- Battle of Dawan Cheng: Part of the Soviet Invasion of Xinjiang
| Date | 1934 |
| Location | Dawan Cheng, Xinjiang |
| Result | Chinese tactical victory Chinese withdrawal; Soviet column destroyed; |

Belligerents
- China: Soviet Union White Russian forces

Commanders and leaders
- Gen. Ma Zhongying: Gen. Volgin Gen. Bekteev

Strength
- Hundreds of soldiers: Dozens of armored cars and hundreds of soldiers

Casualties and losses
- Unknown: Heavy, entire column nearly wiped out

= Battle of Dawan Cheng =

1934 battle of the Soviet invasion of Xinjiang

The Battle of Dawan Cheng (達坂城之戰) of 1934 occurred when Gen.

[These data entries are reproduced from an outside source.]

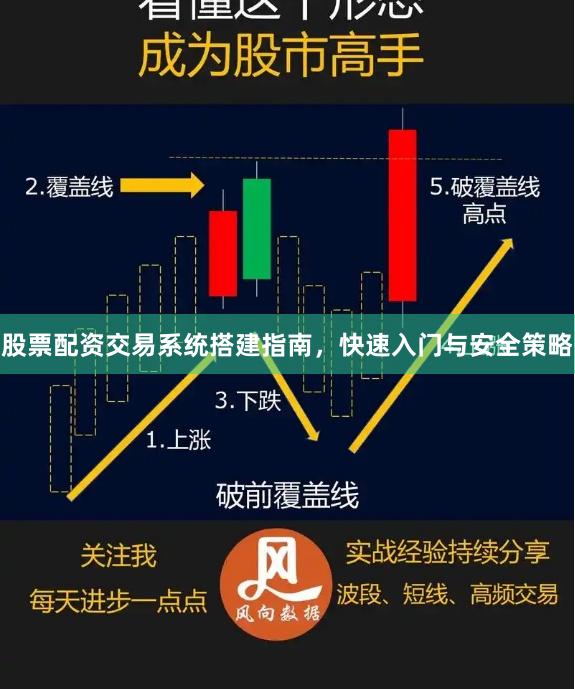 股票配资交易系统搭建指南，快速入门与安全策略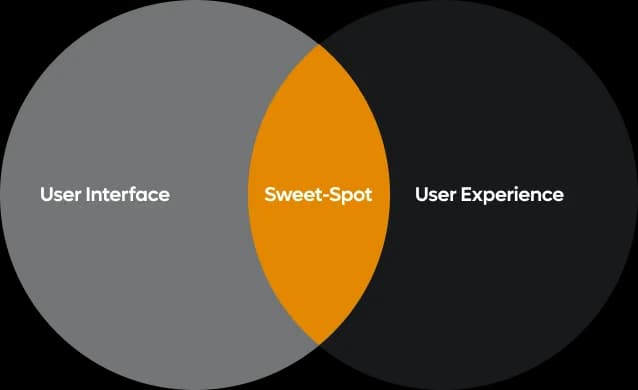 Diagram showing the sweet spot between user interface and user experience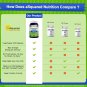 Pure Magnesium Citrate 833mg Supplement - 200 Veggie Capsules - Max Strength Vegan Mag Citrate Powde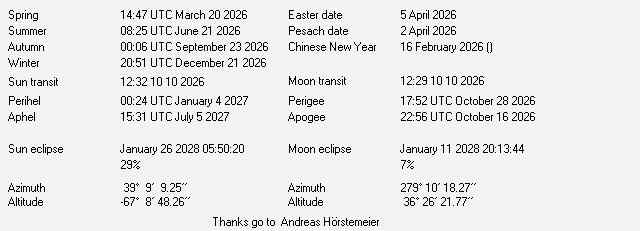 Additional Moon facts from Weather-Display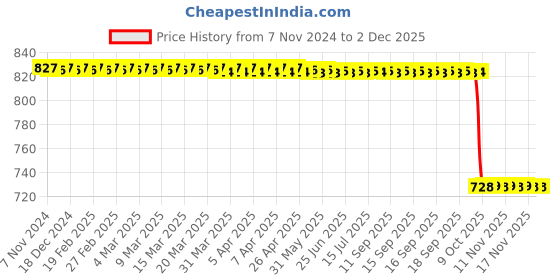moglix.com Solar Universe India 3.7V 1800mAh Plastic Warm White Study &a; Desk LED Lamp with Pen, Mobile Holder &a; 2.5W Solar Panel solar universe india Price History Graph from 7 Nov 2024 to 1 Dec 2025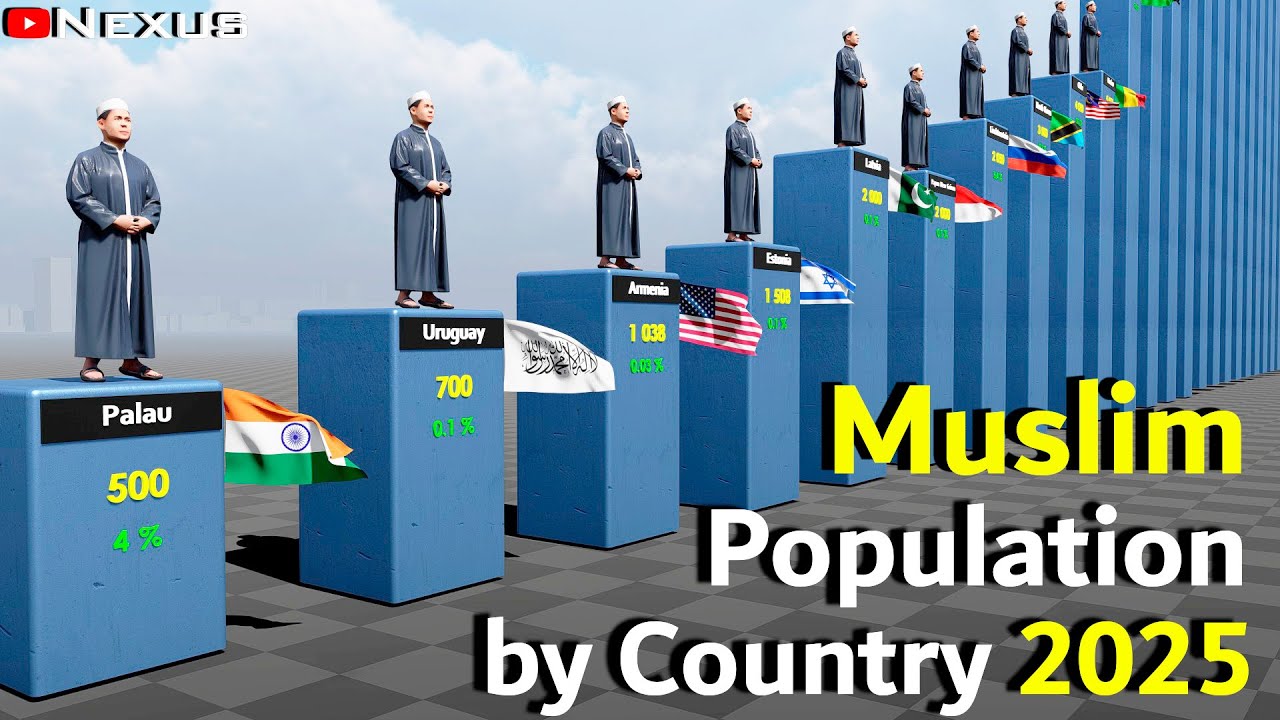 Muslim Population by Country 2025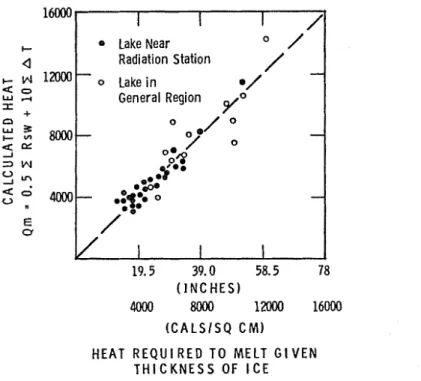 FIGURE  6.  Heat required  t o  melt  ice vs. calculated  heat. 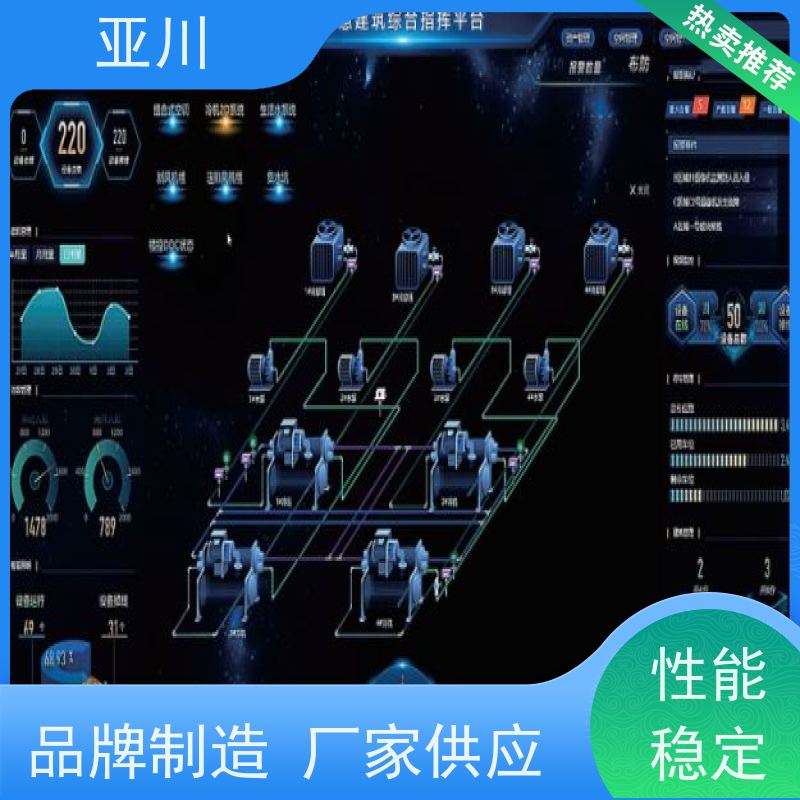 学校碳综合管理平台IBMS建筑集成智能化系统多样化菜单导航减少运营成本，提升商业价值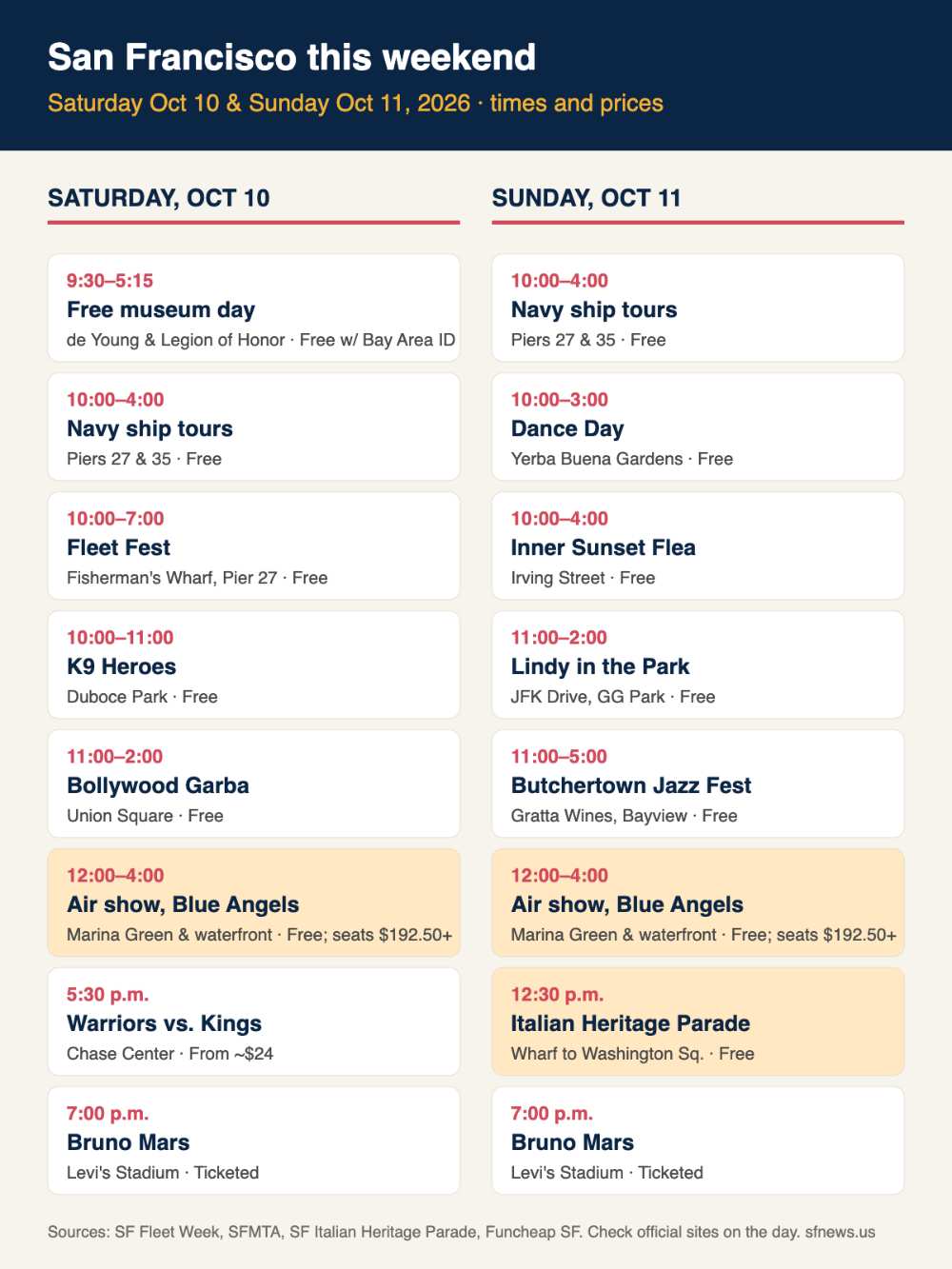 Infographic listing times and prices of San Francisco events on Saturday October 10 and Sunday October 11, 2026, including the Blue Angels air show and Italian Heritage Parade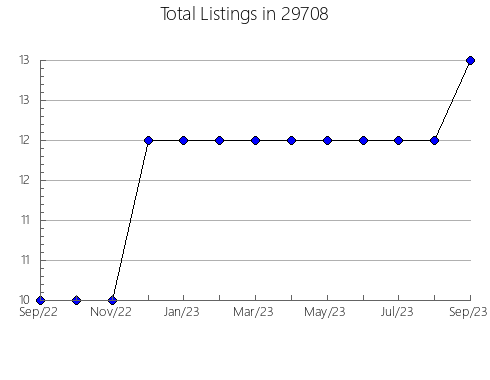 Airbnb & Vrbo Analytics, listings per month in Laplace, LA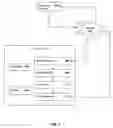 Fig. 03 - Enablement of system features with improved feature key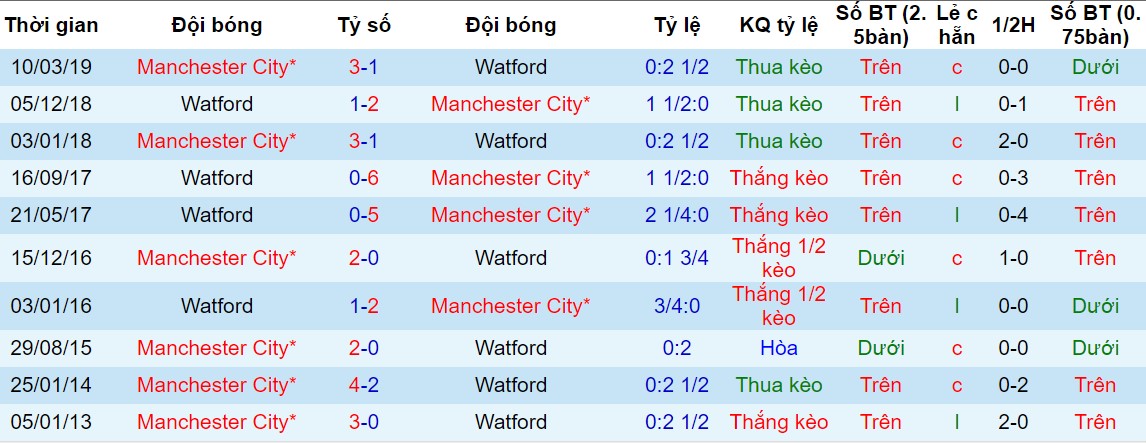 Lịch sử đối đầu giữa Man City và Watford Man City vs Watford, nhận định bóng đá đêm nay, soi kèo bóng đá, tỷ lệ kèo, nhận định Man City vs Watford, dự đoán kết quả bóng đá, dự đoán Man City vs Watford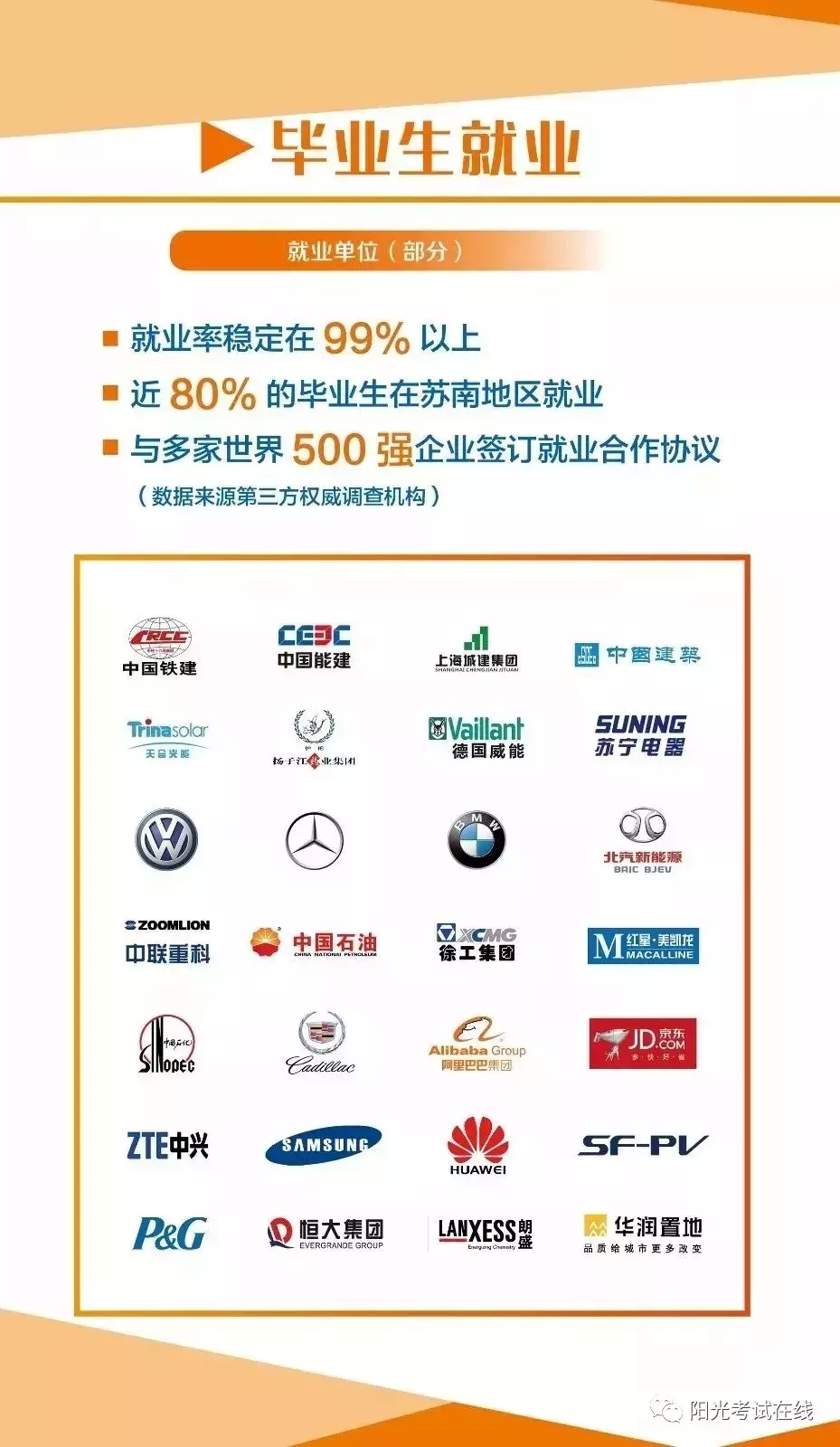 一所值得报考的山东省外专科院校——常州工程职业技术学院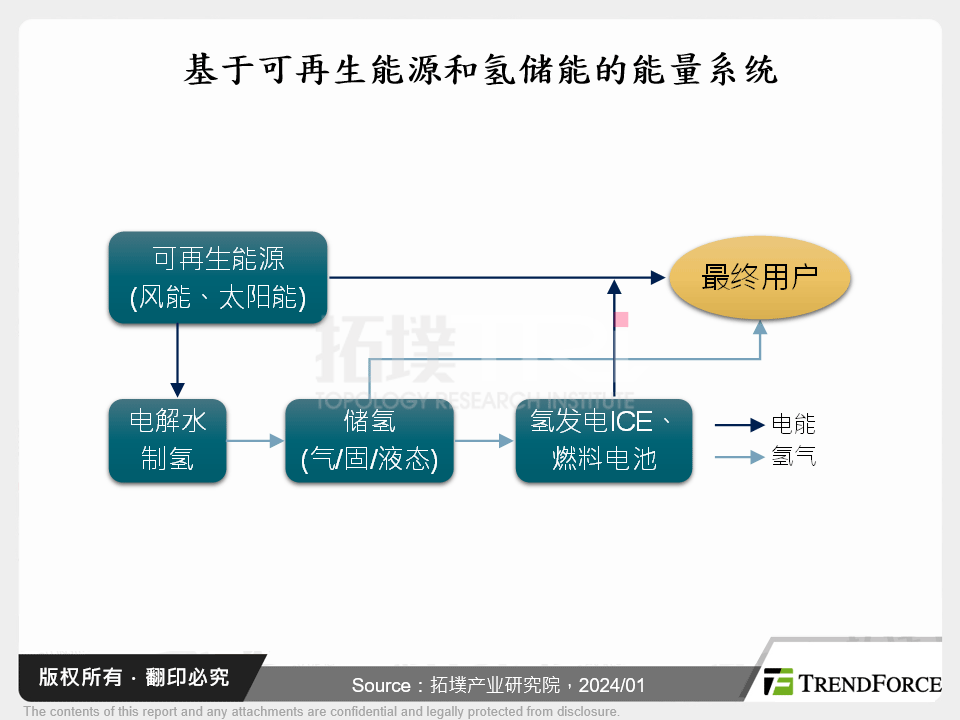 基于可再生能源和氢储能的能量系统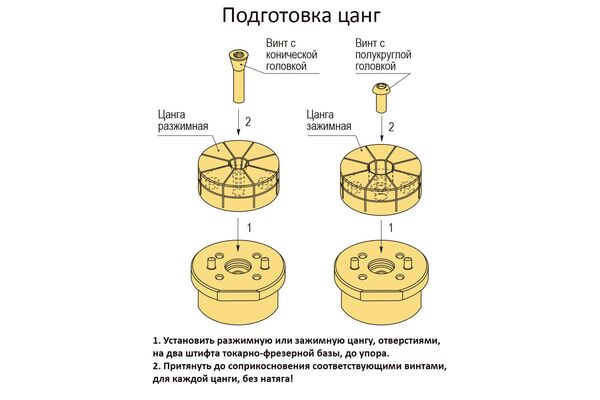 ЦСБТ 90 База для цанг ЦС токарно-фрезерная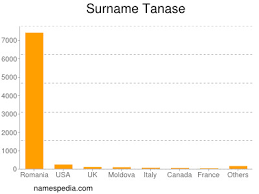 We did not find results for: Tanase Namensbedeutung Und Herkunft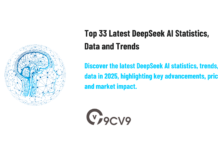 Top 33 Latest DeepSeek AI Statistics, Data and Trends Top 33 Latest DeepSeek AI Statistics, Data and Trends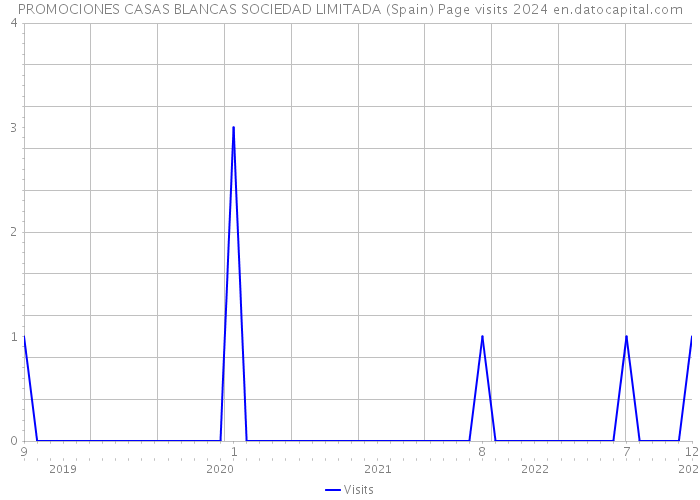 PROMOCIONES CASAS BLANCAS SOCIEDAD LIMITADA (Spain) Page visits 2024 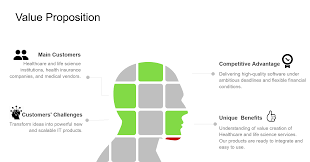 How to write a meaningful value proposition (with examples). Value Proposition European Cluster Collaboration Platform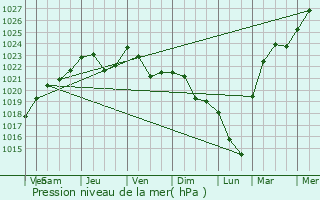 Graphe de la pression atmosphrique prvue pour Ivot
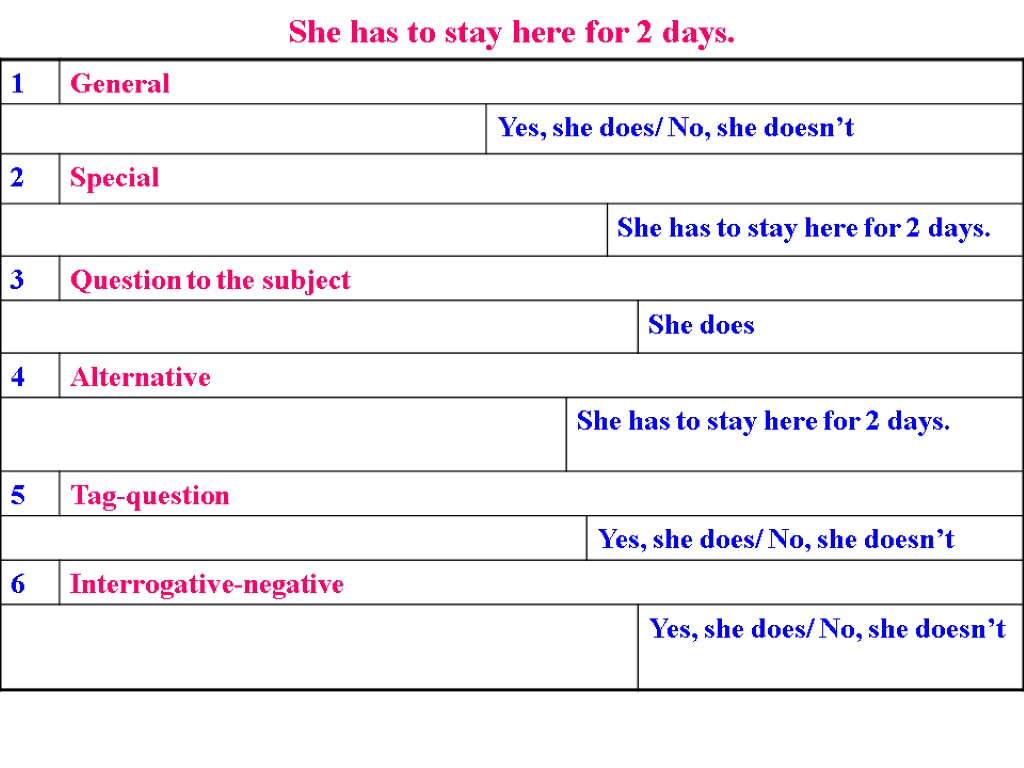 She has to stay here for 2 days.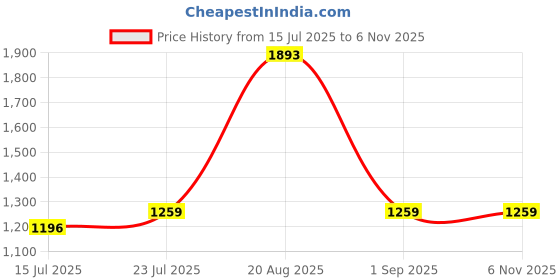 tatacliq.com Red Tape Men's Comfort Stride Black Walking Shoes red tape Price History Graph from 15 Jul 2025 to 6 Nov 2025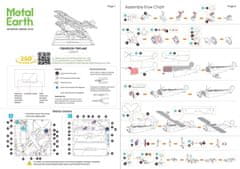 Metal Earth 3D kovinski model letala Fokker/Triplane Fokker triplane
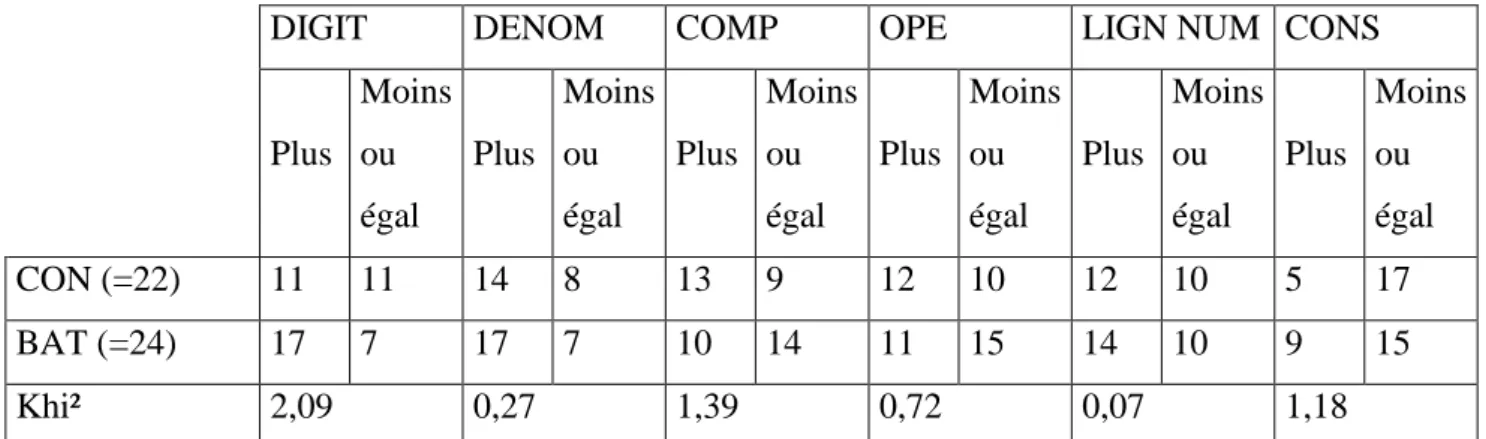 Tableau  11 :  Comparaison  des  performances  du  groupe  entraînement  bataille  (BAT)  par  rapport au groupe contrôle (CON) pour chaque épreuve au post-test 1 (juin)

Ma Zhongying's Chinese Muslim New 36th Division encountered a Soviet Russian Army armoured car column. The New 36th Division was withdrawing, chased by White Russian and Mongol troops and Chinese forces allied with them. The New 36th Division wiped out nearly the entire column, after engaging the Russians in fierce, sometimes hand-to-hand combat, and knocked the wrecked Russian armored cars down the mountain. When a White Russian force showed up, Ma Zhongying withdrew.